Reading Mieko Kanai’s stories is an unsettling experience, like swimming underwater, existing in a new and shimmering medium, and coming up for air between stories just to make sure everything is still real — or as real as you remember it. Concurrently, it feels as if one were skating on a slippery surface, gliding along, glimpsing things possibly more substantial beneath — maybe even catching sight of your own double.
In “Rivals,” a standout among the stories collected in “The Word Book,” a writer travels north on a train, moving through dreamlike landscapes of forests and wastelands. She meets an encyclopedia salesman in the dining car who asks her to join him for a whiskey. He reveals that he used to be a writer; he tells her of his first love, of a rival for the woman’s affections, and how he found the rival’s notebook, identical to his own, with passages from his own works. This mirror effect, this fragmenting of self, forced the man to abandon writing. The story enfolds and explodes like a rose grenade, asking questions about originality and inspiration.
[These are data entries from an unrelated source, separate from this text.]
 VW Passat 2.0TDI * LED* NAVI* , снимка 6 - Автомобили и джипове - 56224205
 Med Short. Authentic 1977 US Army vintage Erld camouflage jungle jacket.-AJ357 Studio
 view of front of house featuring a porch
In “Windows,” a photographer meets an author in a teahouse; already an imagined character, he arrives just as the author is delineating his nature. He tells her of memories and photographs and the shifting relics of past and present, and how he took the same photograph every day for 20 years. Concerned with fluctuations of time and the impossibility of capturing memories and things, the story allows us into the writer’s mind.
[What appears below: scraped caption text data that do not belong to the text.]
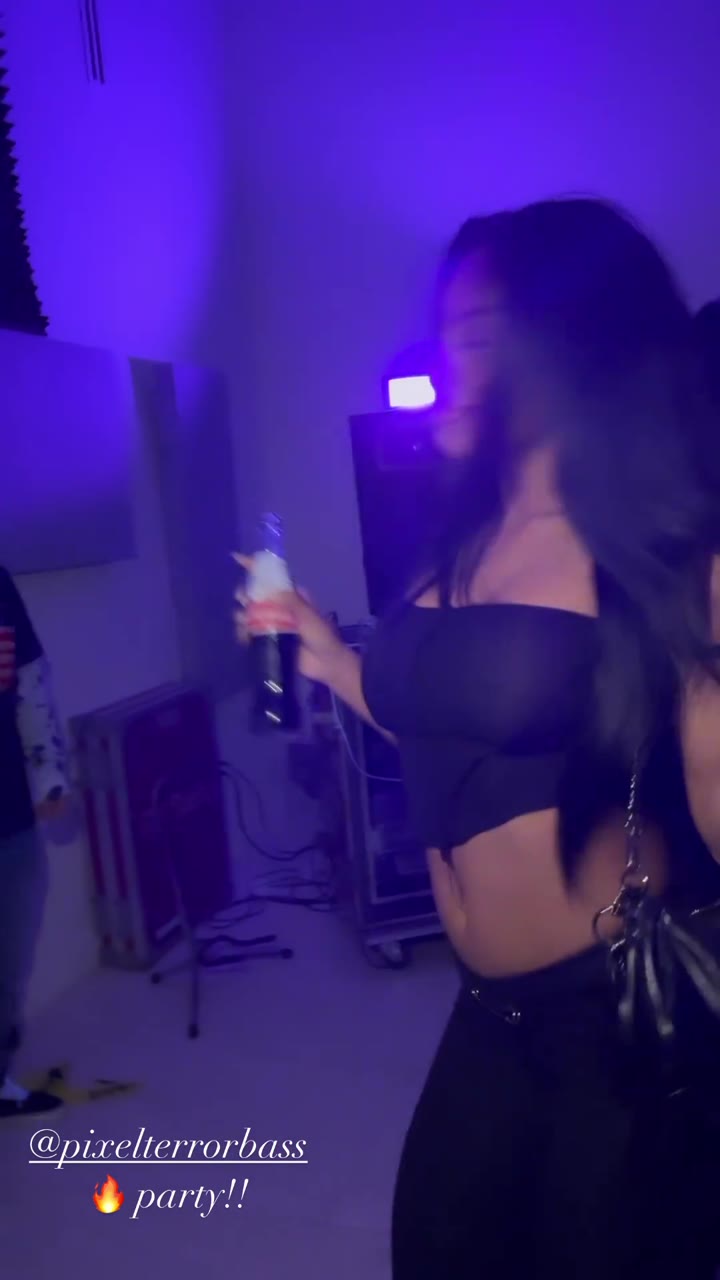 wimpy Qimmah Russo anal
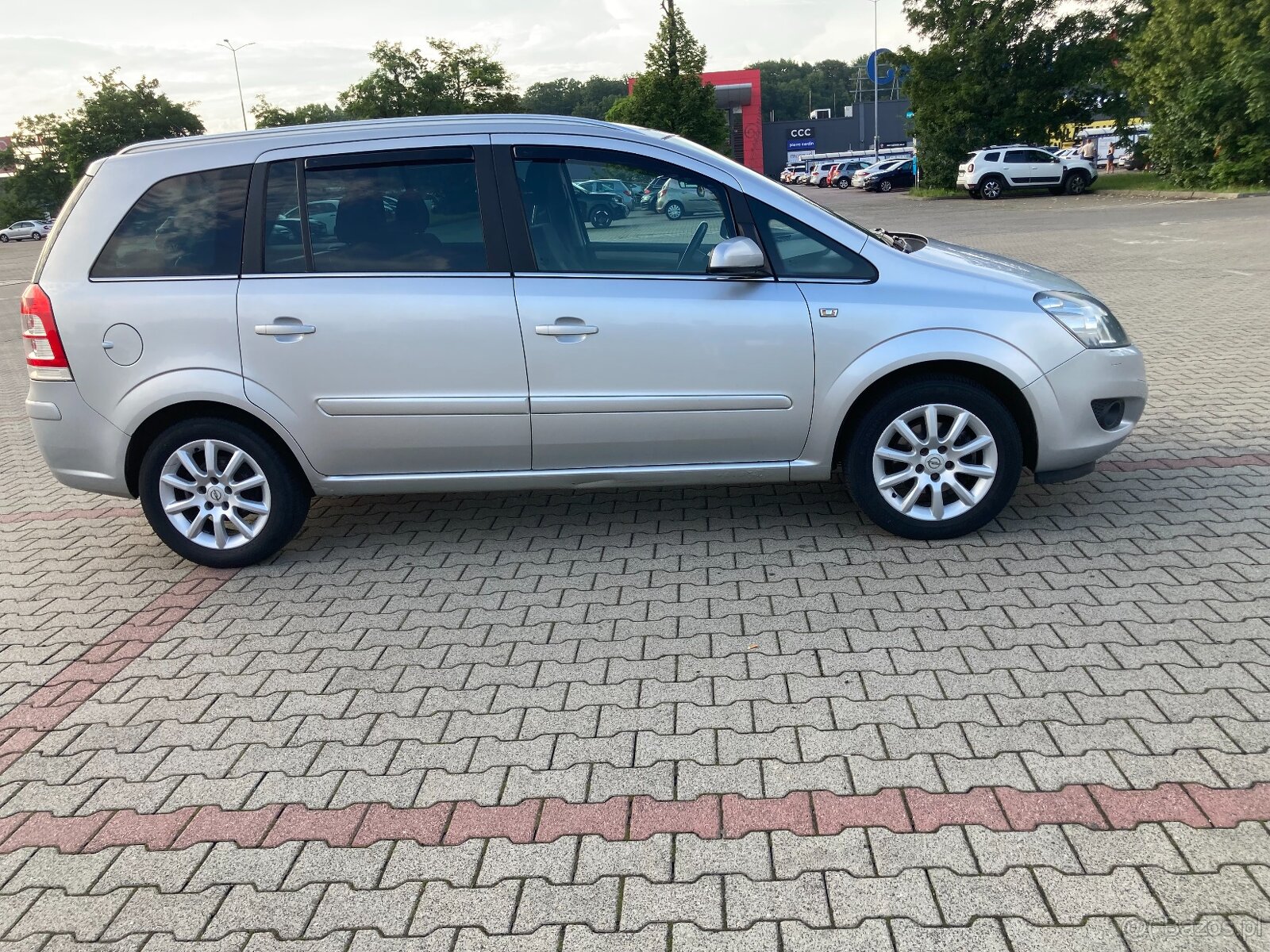 Zafira 7-Osobowa 1.8-Benzyna - 4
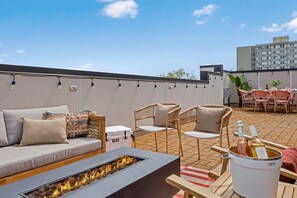 Outdoor dining - The Hadden House - Rooftop Lounge with Firepit! (Nashville)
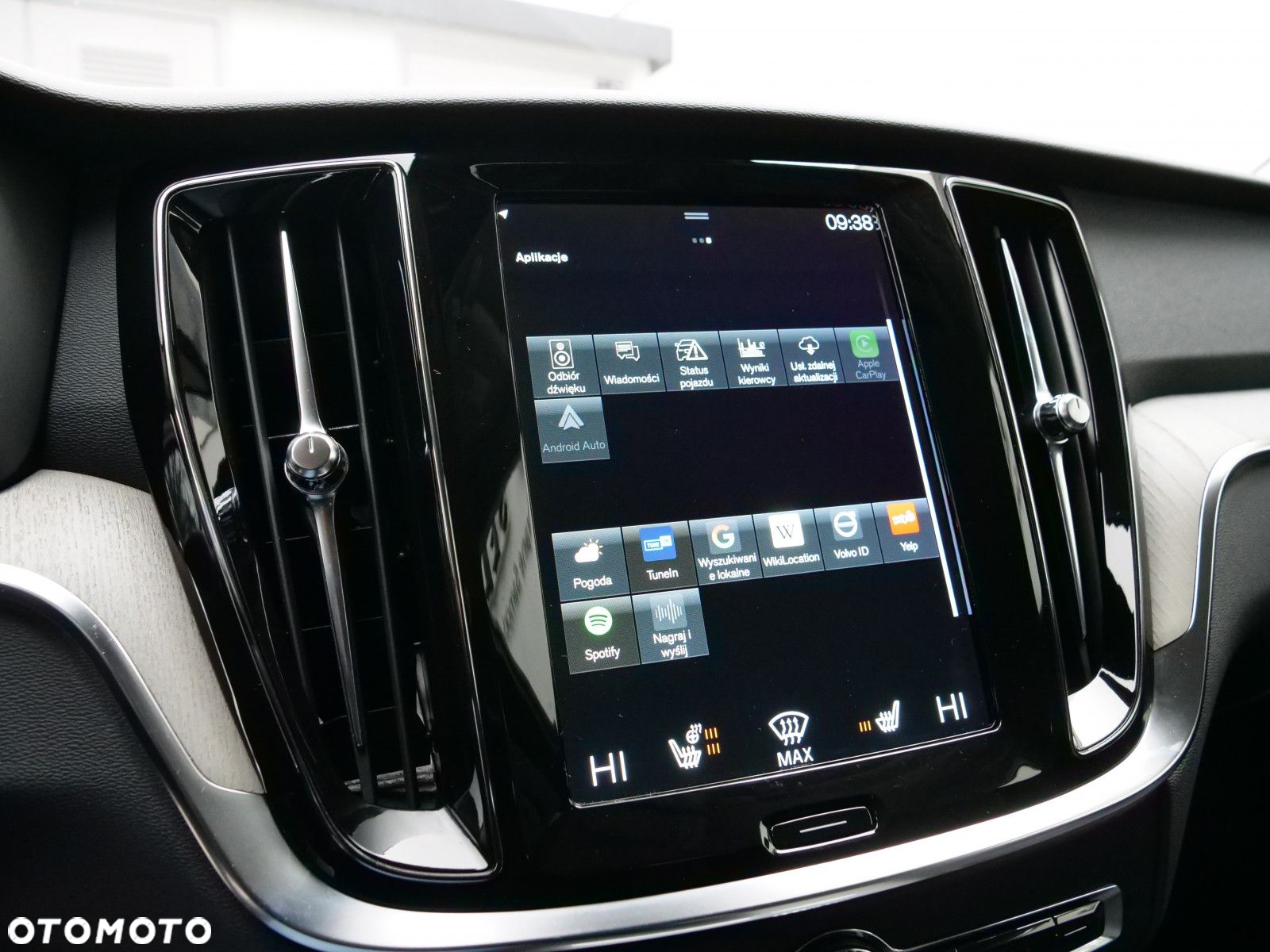 Volvo V60 Cross Country - 26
“The Rose Tango” tells of a boy’s childhood in postwar Peking, his return to Japan, the death of his parents, his membership in a criminal gang and the formation of a musical group. It reminded me of Borges’ “Man on Pink Corner” with its tangos, violence and yakuza molls.
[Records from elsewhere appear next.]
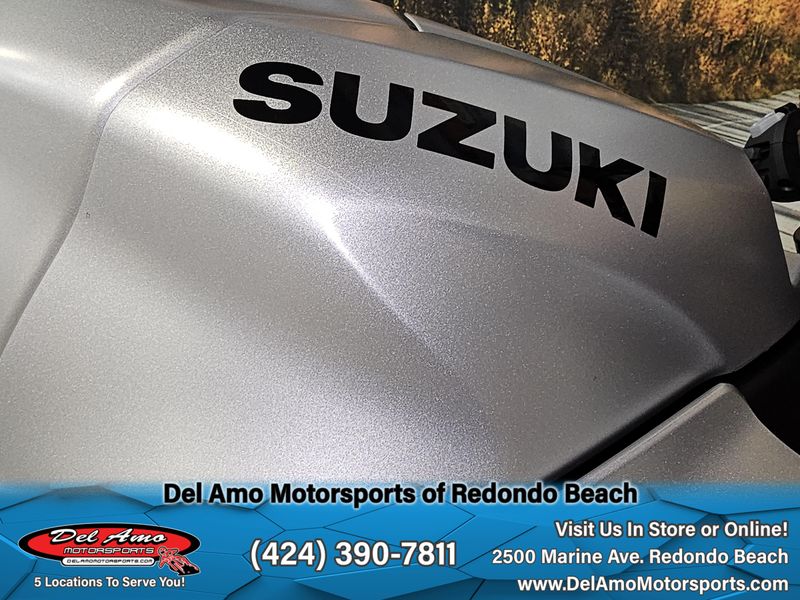 New 2025 Suzuki GSX-R1000R Image 10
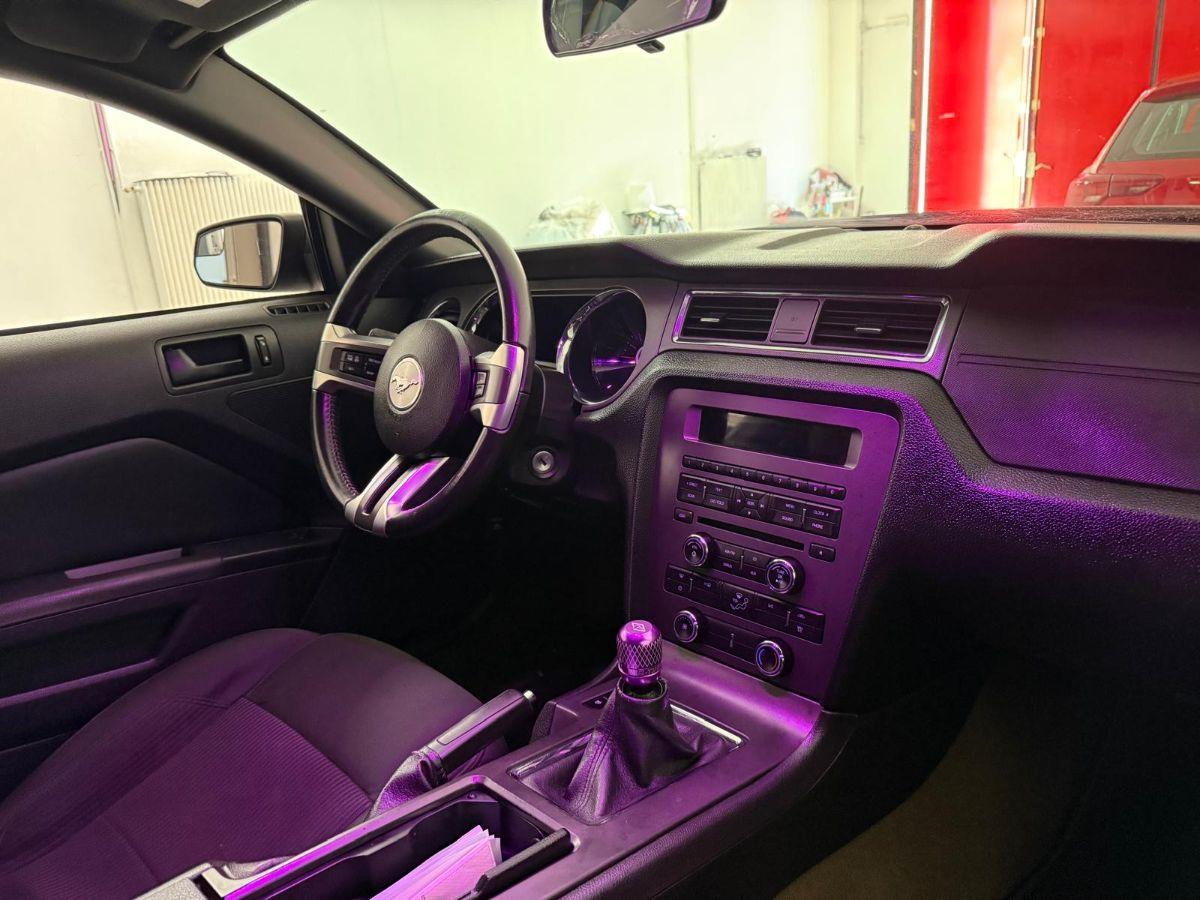 FORD - Mustang - V6 Premium Coupé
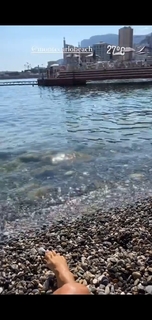 Victoria Silvstedt feet photo thumbnail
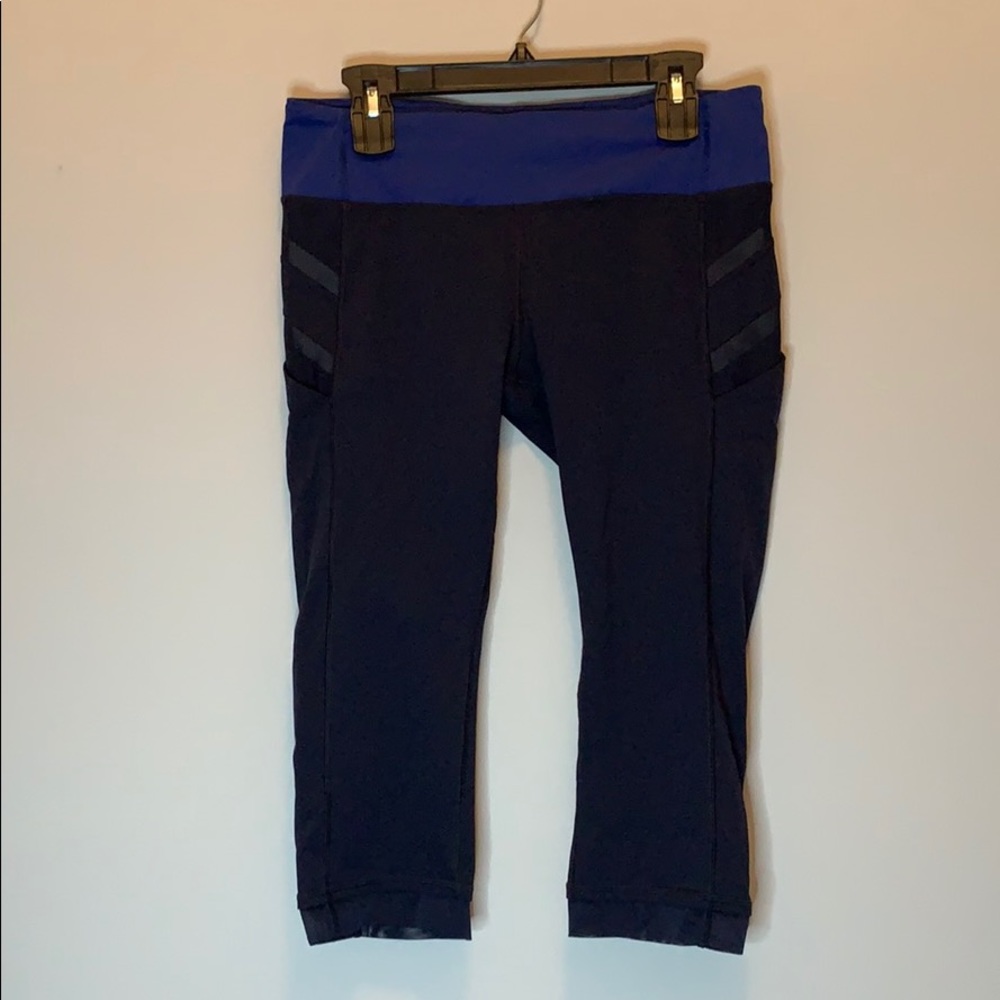 Lululemon Illumina Capri size 10 - Picture 3 of 9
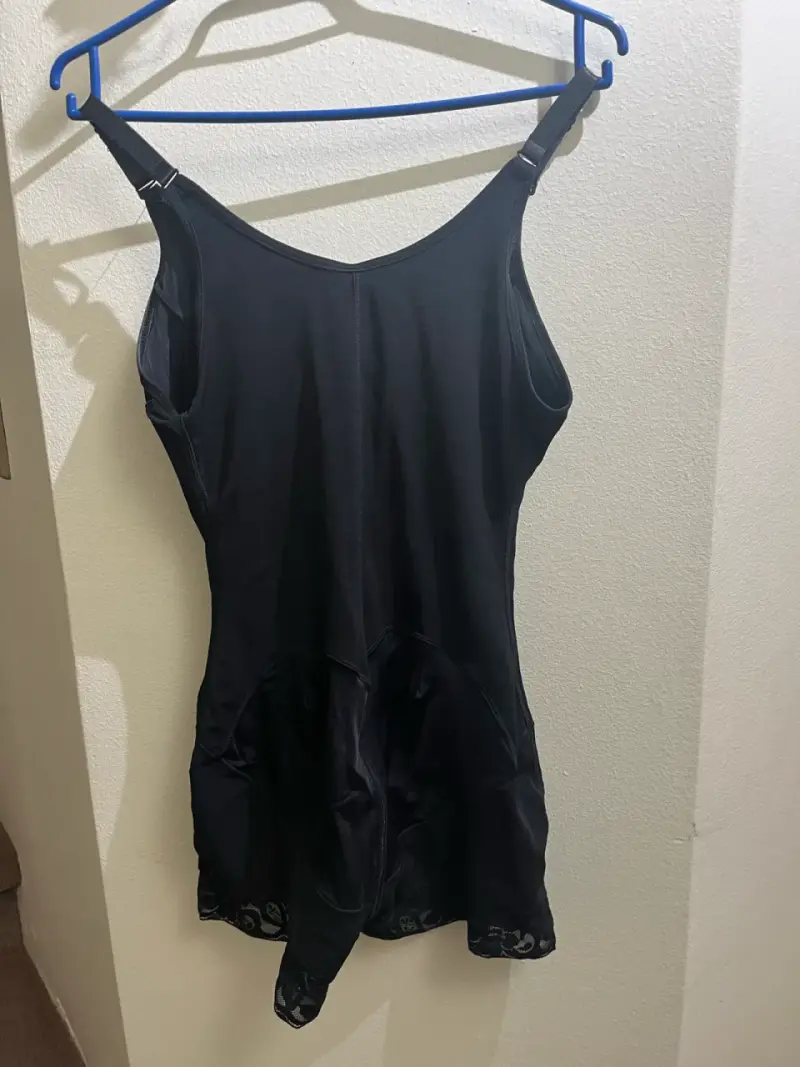 Faja moldeadora negra con cierre frontal - 3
The history of memory, the hierarchy of recall, the question of fictive selves, autobiography, identity, and fiction about fiction are the subject matters of “The Time of One’s Life.”
“Vague Departure” and “Fiction” are mirror-image stories. The first deals with an act of loss, a lover’s departure and the different-depth perceptions of love and forgetting, while the latter is a story of longing for something insubstantial, something just out of reach. Both enact their own storytelling within their fictions — that is to say, both are self-aware that whatever our reality is, whatever stage our desire is at, then that “situation” may change in an instant or change imperceptibly over time until it is unrecognizable from the original.
Regaled by a rival and a reader, the narrator of “The Voice” questions what it is to be a character, and from where writers get their stories — how difficult is it to be original without appropriating others’ stories and others’ lives?
Three stories reminded me of Surrealist paintings. “The Moon” is like a Paul Delvaux painting. A ghostly paranoia pervades; the narrator, haunted by memory, realizes things are not quite what they seem. “The Boundary Line” — a nightmarish story about a drowned corpse — conjures images of Yves Tanguy-like beaches, where the boundary lines between the real and dream, life and death are vague. “Kitchen Plays,” with its chance encounters and dreamlike train journeys, is very Chirico-esque.
Kanai’s tales are fragmented and nebulous yet remain vivid in the memory. Smells and objects act as catalysts for narrative. The storyteller becomes a character telling a story about a storyteller. The stories tell of plays and films that are versions of the stories, and vice versa. These interconnected stories are concerned with travel, memory, identity and writing — like Roberto Bolano rewritten in the slow-motion prose of W.G. Sebald. Very good.